Another, Djarindjin community, 200 kilometres north of Broome became the first Aboriginal owned airport in Western Australia in 2018. The Djarindjin Aboriginal Corporation is largely self funded through revenue from its airport operations which supports other community priorities.
Our people's empowerment and prosperity go hand in hand, with strong spirit, strong culture and strong identity. Strong mob!
The pain associated with the outcome of the Referendum for a Voice to Parliament still sits with many of us today.
To quote the Uluru Statement: this is the torment of our powerlessness.
But Aboriginal and Torres Strait Islander people will have the most say in our futures.
Not just some say, or even the first say, or the last say; the most say.
A future where Aboriginal and Torres Strait Islander people are the designers, builders, practitioners, evaluators of our future. Where we prosper in the fullness of our talents, ingenuity and Indigeneity, in a nation where we are no longer positioned as problematic people.
And where racism is for others to understand, call out and eradicate, not for Aboriginal and Torres Strait Islander people to endure, educate and explain.
We must tackle the imbalance and abuse of power at all levels of decision making. And we must redefine our understanding of prosperity as a family-centred, community focused agenda that is firmly rooted in the daily lives of our people.
The wellbeing of future generations depends on it.
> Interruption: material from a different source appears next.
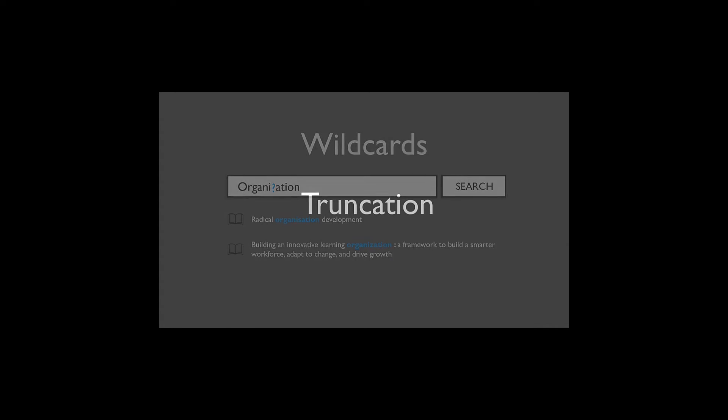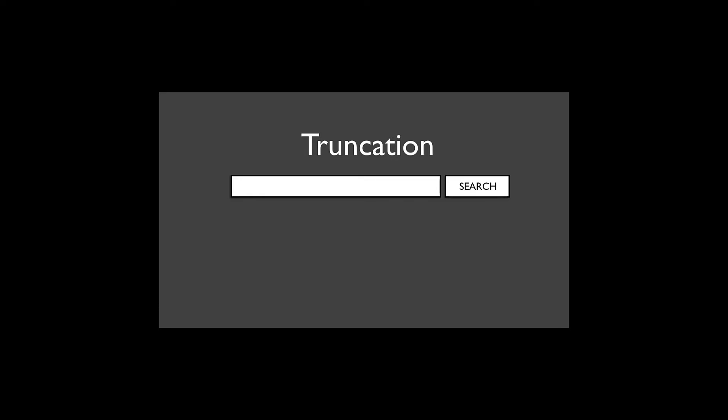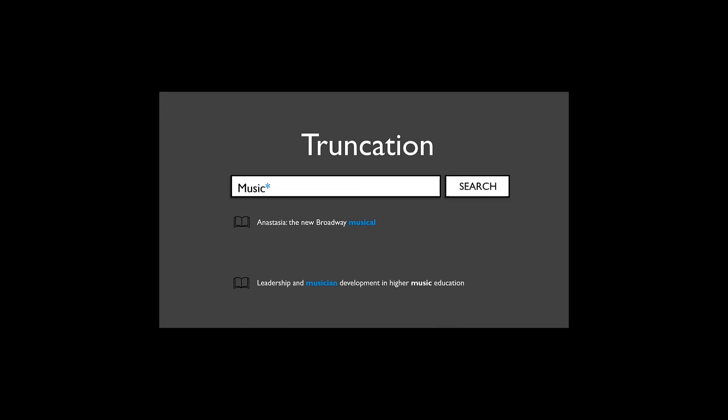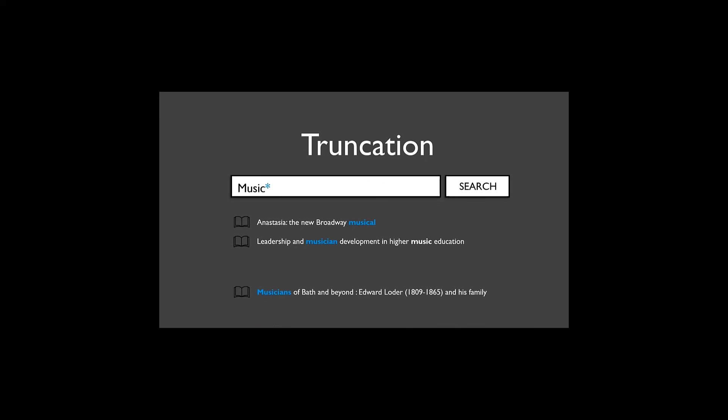You can use truncation when you're looking for spelling variants or words that begin with the same letters. For example, if you search 'music' with an asterisk, you find results including musician, musicians, and musical.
Romlie Mokak is a Djugun man and a member of the Yawuru people. In 2019, he was the first Aboriginal Commissioner appointed to the Productivity Commission. As Commissioner (2019–24), he led a number Aboriginal and Torres Strait Islander inquiries, studies and reviews and contributed his knowledge and insights to strengthen work across the whole Commission. Prior to joining the Productivity Commission, Mr Mokak was the chief executive of the Lowitja Institute and of the Australian Indigenous Doctors' Association.